(TASK PROMPT) Would you retype the whole listing exactly, leaving its pictures out?

(SOURCE DATA)
::::::

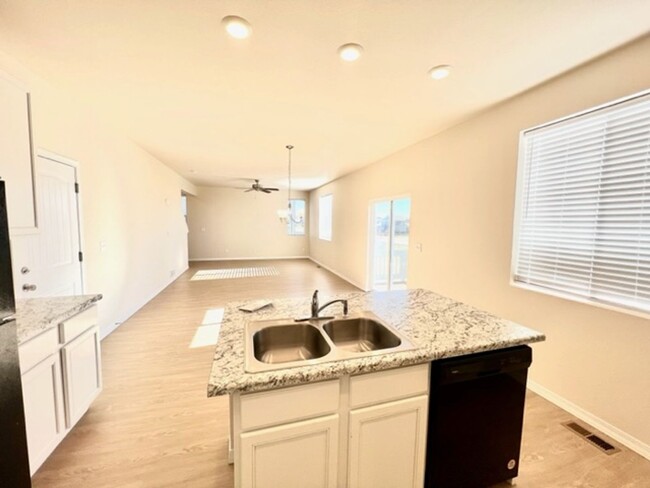 Building Photo - Gorgeous newer built 3 bedroom home in Mer...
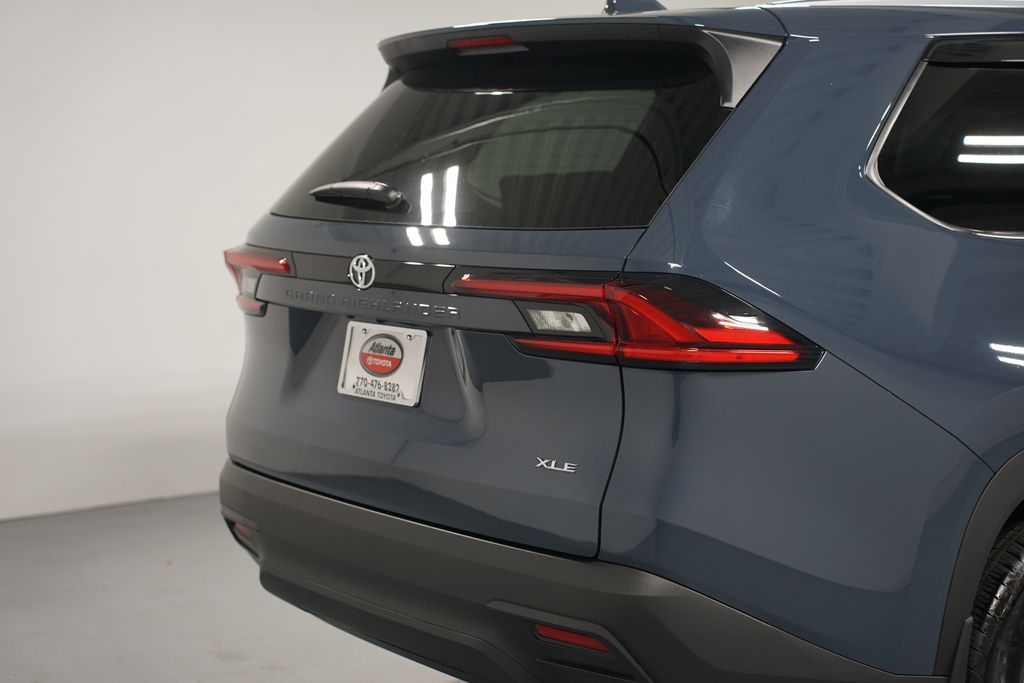 Thumbnail: 2025 Toyota Grand Highlander - 9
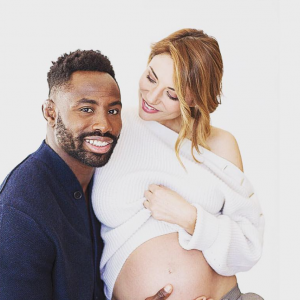 Fulgence Ouedraogo et Ariane Brodier, enceinte, souhaitent un "joyeux Noël" à leurs fans. Photos postée sur Instagram le 26 décembre 2017. La naissance est prévue pour janvier.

::::::

(FINISHED EXERCISE)
 Building Photo - Gorgeous newer built 3 bedroom home in Mer...
 Thumbnail: 2025 Toyota Grand Highlander - 9
 Fulgence Ouedraogo et Ariane Brodier, enceinte, souhaitent un "joyeux Noël" à leurs fans. Photos postée sur Instagram le 26 décembre 2017. La naissance est prévue pour janvier.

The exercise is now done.